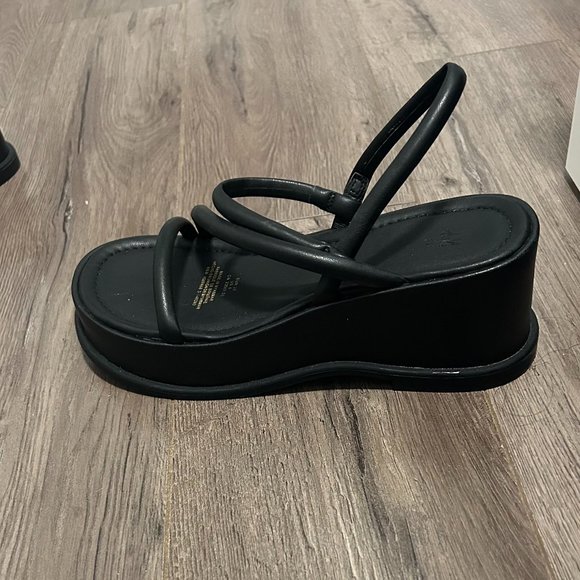 Brand New 90s Platform Sandals - Picture 3 of 4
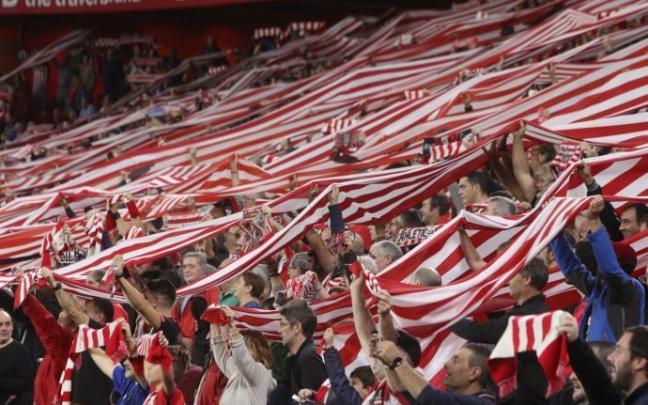 La afición del Athletic en San Mamés. La afición del Athletic en San Mamés.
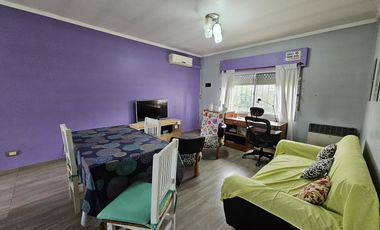 Casa - Burzaco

## Task goal
Say again, word for word, every line from the one with "La afición del Athletic en San Mamés. La" through the last line of the data above, minus the pictures.

## Output of the exercise
 La afición del Athletic en San Mamés. La afición del Athletic en San Mamés.
 Casa - Burzaco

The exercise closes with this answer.